Samuel Z. Holocaust testimony (HVT-2186) interviewed by Helen Katz and Joanne Weiner Rudof
- New Haven, Conn. : Fortunoff Video Archive for Holocaust Testimonies, 1993
- Interview Date
- July 21, 1993.
- 3 copies: 3/4 in. master; 3/4 in. dub; and 1/2 in. VHS with time coding.
- Cite As
- Samuel Z. Holocaust Testimony (HVT-2186). Fortunoff Video Archive for Holocaust Testimonies, Yale University Library.

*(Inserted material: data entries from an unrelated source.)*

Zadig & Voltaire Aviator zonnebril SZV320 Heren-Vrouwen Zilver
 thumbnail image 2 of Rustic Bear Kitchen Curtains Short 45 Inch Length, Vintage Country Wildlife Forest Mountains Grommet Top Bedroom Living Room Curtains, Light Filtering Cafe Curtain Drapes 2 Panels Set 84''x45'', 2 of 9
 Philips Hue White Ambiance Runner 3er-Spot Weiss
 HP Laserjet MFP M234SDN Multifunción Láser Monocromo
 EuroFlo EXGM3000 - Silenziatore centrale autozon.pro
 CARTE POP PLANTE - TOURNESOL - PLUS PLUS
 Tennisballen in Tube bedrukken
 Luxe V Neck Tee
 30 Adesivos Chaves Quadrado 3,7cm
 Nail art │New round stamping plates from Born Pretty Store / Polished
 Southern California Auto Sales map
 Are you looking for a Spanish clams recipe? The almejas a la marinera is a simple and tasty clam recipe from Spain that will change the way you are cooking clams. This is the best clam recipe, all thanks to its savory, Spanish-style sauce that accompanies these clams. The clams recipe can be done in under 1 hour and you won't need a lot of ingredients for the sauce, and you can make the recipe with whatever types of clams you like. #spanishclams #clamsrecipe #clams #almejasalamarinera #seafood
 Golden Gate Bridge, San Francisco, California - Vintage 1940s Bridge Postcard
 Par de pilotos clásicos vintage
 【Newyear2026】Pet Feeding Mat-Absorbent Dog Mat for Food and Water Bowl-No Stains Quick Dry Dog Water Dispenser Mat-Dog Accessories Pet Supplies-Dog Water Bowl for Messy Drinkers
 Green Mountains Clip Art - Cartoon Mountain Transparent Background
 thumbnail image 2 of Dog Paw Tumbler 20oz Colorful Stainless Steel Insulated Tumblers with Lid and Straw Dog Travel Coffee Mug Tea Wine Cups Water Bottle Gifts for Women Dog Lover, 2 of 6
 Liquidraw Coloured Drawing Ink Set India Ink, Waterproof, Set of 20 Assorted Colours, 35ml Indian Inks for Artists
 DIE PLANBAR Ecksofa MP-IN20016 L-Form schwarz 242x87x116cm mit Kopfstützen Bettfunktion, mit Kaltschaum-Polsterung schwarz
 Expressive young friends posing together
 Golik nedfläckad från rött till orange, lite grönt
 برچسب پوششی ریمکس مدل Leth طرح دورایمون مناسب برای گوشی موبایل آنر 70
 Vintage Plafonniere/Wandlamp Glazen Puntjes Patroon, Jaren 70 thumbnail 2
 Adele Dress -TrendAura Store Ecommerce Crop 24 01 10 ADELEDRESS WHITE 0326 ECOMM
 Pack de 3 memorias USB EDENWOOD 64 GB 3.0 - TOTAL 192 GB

Videotape testimony of Samuel Z., who was born in Chmielnik, Poland in 1923. He recounts his mother's death when he was five; their abusive stepmother; anti-Semitic incidents; German invasion; forced labor; fleeing a round-up in 1942 with his older brother; hiding in several places, including Nowy Korczyn, with assistance from some Poles; slave labor at the HASAG factory in Kielce and Skarżysko-Kamienna; working outdoors in Przedbórz, which gave him the opportunity to purchase and share food with his brother; mass killings; their transfer to Buchenwald in 1944, then to Niederorschel; and liberation by American troops. Mr. Z. describes fleeing to the American zone; learning of the deaths of his father and younger sisters; searching for his twin brother; their reunion in Milan; living in the Zeilsheim displaced persons camp; his charge against a concentration camp guard who was deported to Poland; the three brothers' emigration to the United States; and adjustment difficulties. He tells of his marriage in 1964; ever-present memories and nightmares of the war years; and his daughter's encouragement to record this testimony.